Il governo dell’Honduras ha annunciato di stare valutando l’acquisto di droni dall’Ucraina per rafforzare le operazioni di sicurezza alle frontiere e la lotta al narcotraffico.

Il presidente Nasry Asfura ha spiegato che l’iniziativa è nata dopo un incontro a Kiev con il suo omologo ucraino Volodymyr Zelensky, durante il quale si è discusso della possibilità di cooperazione in ambito tecnologico militare, in particolare per quanto riguarda l’utilizzo dei droni.

Asfura ha precisato che i droni verrebbero utilizzati principalmente per la sorveglianza nelle zone di confine, al fine di migliorare il controllo territoriale e contrastare la criminalità organizzata.

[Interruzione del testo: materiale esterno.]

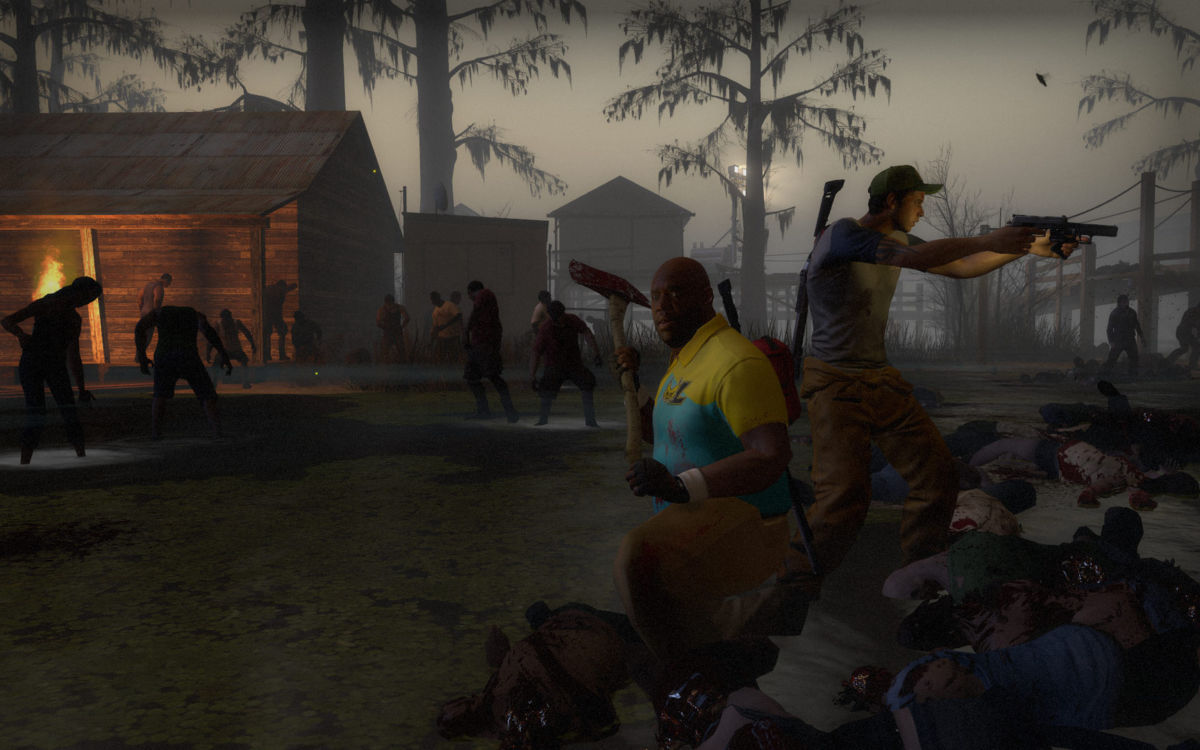 Left 4 Dead 2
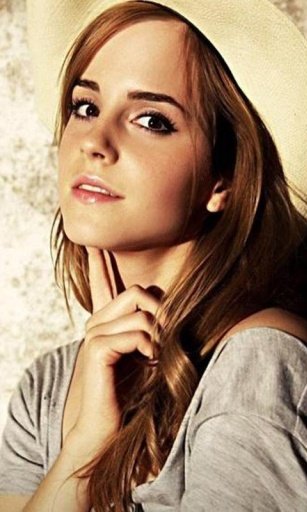 Emma Watson Puzzle Game截图1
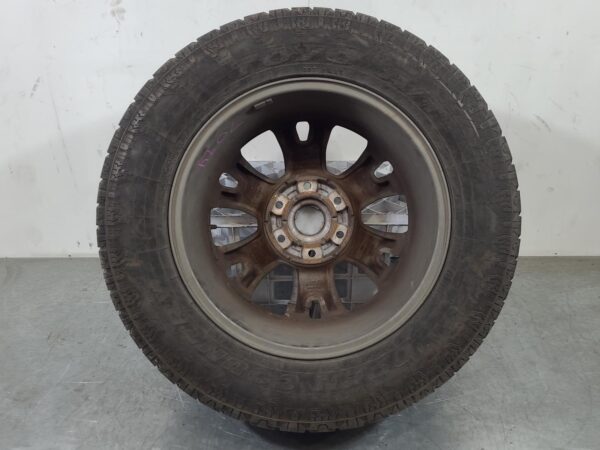 FORD RANGER 2015-2022 WHEEL ALLOY FACTORY, 18X8IN, 6 U SPOKE, WILDTRAK, BI-COLOU - Image 16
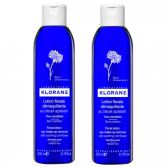 Floral oogreinigingslotion 2x200 ml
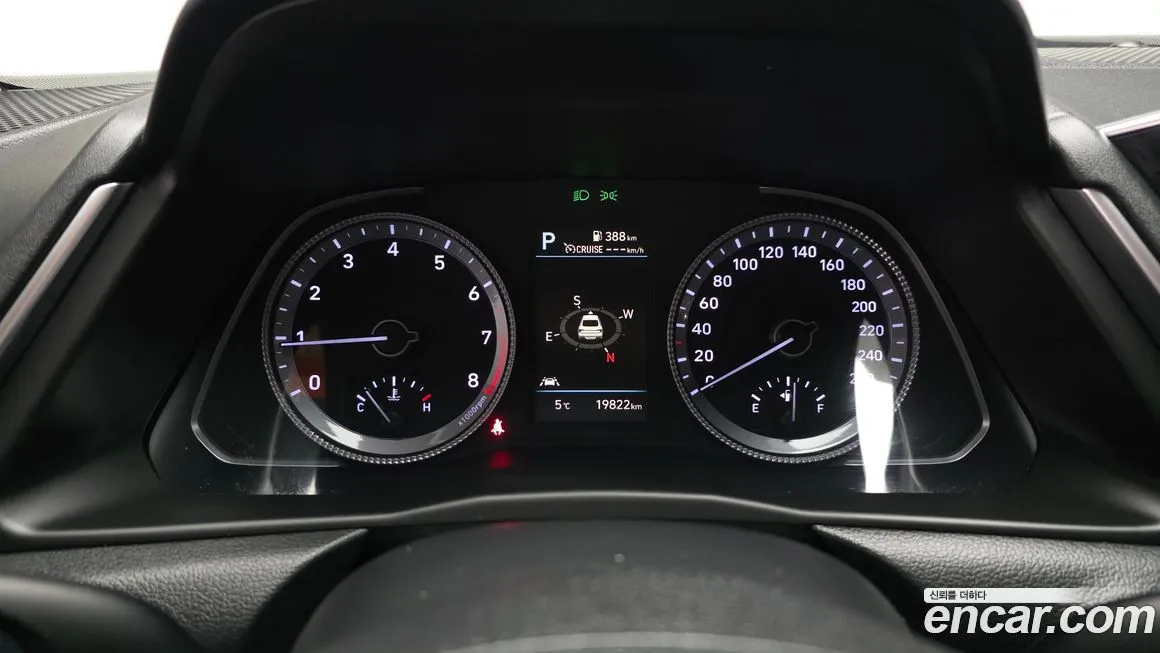 Hyundai Sonata 2022 из KR, фото 5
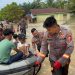 Polri Adaptif Hadapi Situasi Lapangan, Polsatwa K-9 Alihkan Prioritas untuk Bantu Warga Terdampak Banjir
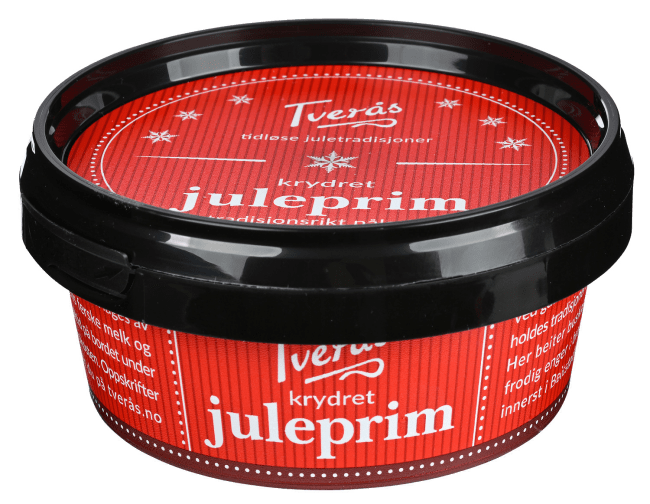 Tverås juleprim 170 g
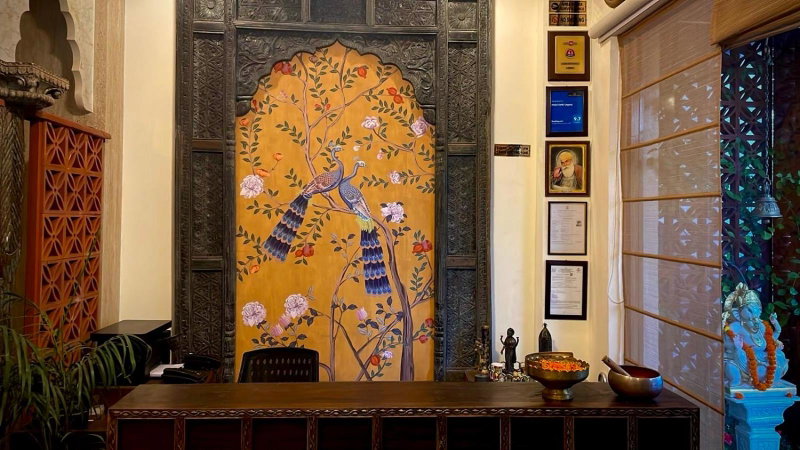 Hotel Sethi Legacy, Haridwār, India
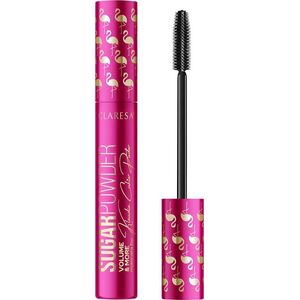 Claresa CLARESA Mascara do rzęs SugarPowder Volume & More - czarna 10ml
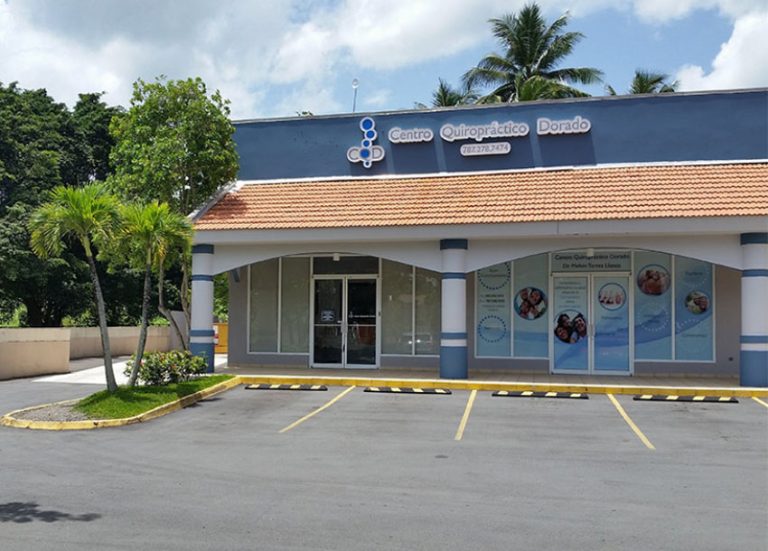 Centro Quiropráctico Dorado 768x551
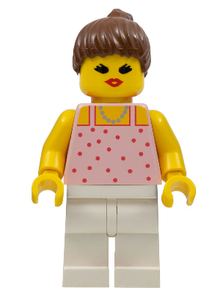 Minifig par016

“Stiamo valutando l’utilizzo dei droni per sorvegliare i nostri confini, monitorarli in modo più efficiente e contrastare la criminalità organizzata con tecnologie avanzate”, ha dichiarato il presidente honduregno a Panama, a margine dell’assemblea generale dell’Organizzazione degli Stati americani (Osa). Asfura ha aggiunto che l’esperienza tecnologica dell’Ucraina nell’utilizzo dei droni rappresenta un’opportunità per rafforzare la strategia di sicurezza nazionale del Paese e migliorarne le capacità operative.

L’annuncio si aggiunge ai recenti colloqui tra le autorità honduregne e gli Stati Uniti in merito a possibili operazioni congiunte contro la criminalità organizzata nel Paese, in un contesto di crescenti preoccupazioni per la sicurezza.

Organizzazioni di narcotraffico, bande criminali e reti di tratta di esseri umani operano in Honduras, in un contesto in cui il tasso di omicidi rimane tra i più alti della regione. Le autorità locali hanno ribadito che il rafforzamento della tecnologia e della cooperazione internazionale è fondamentale per contrastare i gruppi criminali che operano in diverse parti del Paese.